Cevdet boşta olan elini alnına götürdü. Birkaç saniye ev kirasını, geçen ay bozulan ve değiştirmesi gereken çamaşır makinesini, her fırsatta ondan para isteyen kız kardeşini ve son olarak da gazeticilik hayallerini düşündü.

“Fuat Bey röportaj yapmamı istediğiniz yazar efendim…” dedi yılarak.

“Heh. Yap şu röportajı işte.”

“Yapamıyorum Halil Bey, başkasını bulalım.”

“Dur o zaman sen Cevdet. Sen o röportajı bana getirme de, biz senin yerine başkasını bulalım!”

Görüşmenin bittiğini anlatan kısa aralıklı üç ses. Telefondaki “Halil Müdür” yazısının yok oluşu.

Fuat Bey, benim ve milyonlarca okuyucunuzun aklında o kadar çok soru var ki; nereden başlayacağımı bilemiyorum. Hakkınızda hiçbir şey bilinmediği için rica ediyorum: Bize biraz kendinizden bahseder misiniz?

-Kendimden pek bahsetmediğim doğrudur. 1959 yılında, Malatya’da Fuat Bülent Girezli adıyla doğmuşum. Babam elektrik idaresi müfettişiydi. Annem doğumdan önce ziyarete gelmiş teftişte babamı. Erken doğum olmuşum. O günden sonra da “Onlar benim şansım!” diye babam beni de annemi de gittiği her yere götürmüş. O yüzdendir, memleket diye bir kavramım yok benim.
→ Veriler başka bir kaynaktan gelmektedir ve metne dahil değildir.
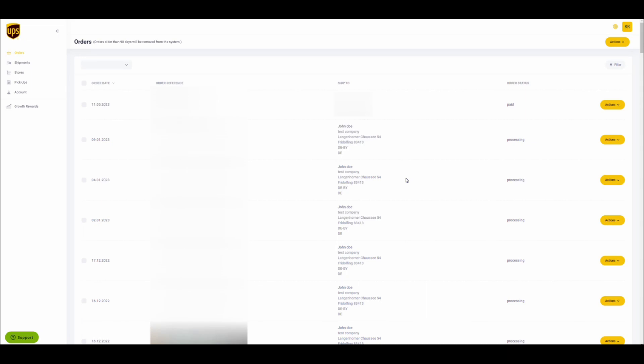This video will demonstrate how to use the picklist feature on the UPS dashboard. You can download picklists for several reasons. A standard case is when you want to give your staff a packing list to pack the packages with the appropriate items.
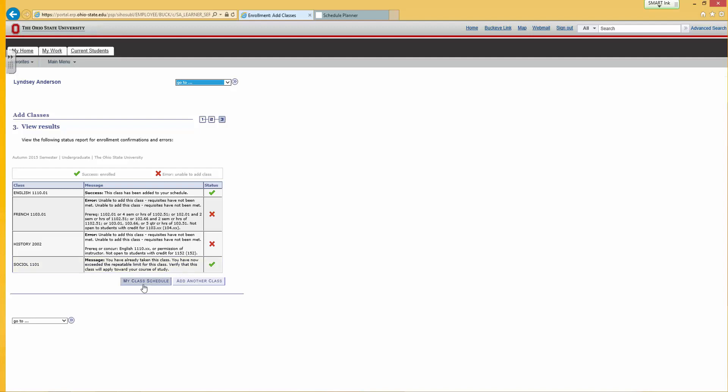If the list has a red X indicator, there may be a reason given. You might not have the prerequisites or the class may be full.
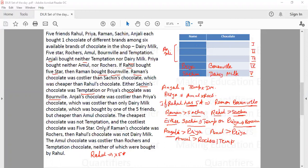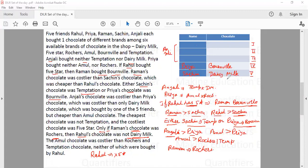The condition states: only if Raman's chocolate was Rochers, then Rahul would not buy Dairy Milk. Rahul is not buying Dairy Milk — Dairy Milk is bought by Sachin — so Raman must have bought Rochers. Now we know three chocolates are assigned: Bonville to Priya, Dairy Milk to Sachin, and Rochers to Raman.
Meşgul çalan telefon. Eğer kalabalık bir otobüs içinde olmasaydı elindeki telefona yalvarabilirdi Cevdet. Fuat Girezli’nin menejerine ulaşmaya çalışıyordu onbeş dakikadır. Birkaç apartman ileride ineceği durağı gördüğünde Türkcell’e olan inancını yitirdi ve sarı direk üzerindeki kırmızı bir tuş sağolsun, tek bir parmağıyla koca bir otobüsü durdurdu.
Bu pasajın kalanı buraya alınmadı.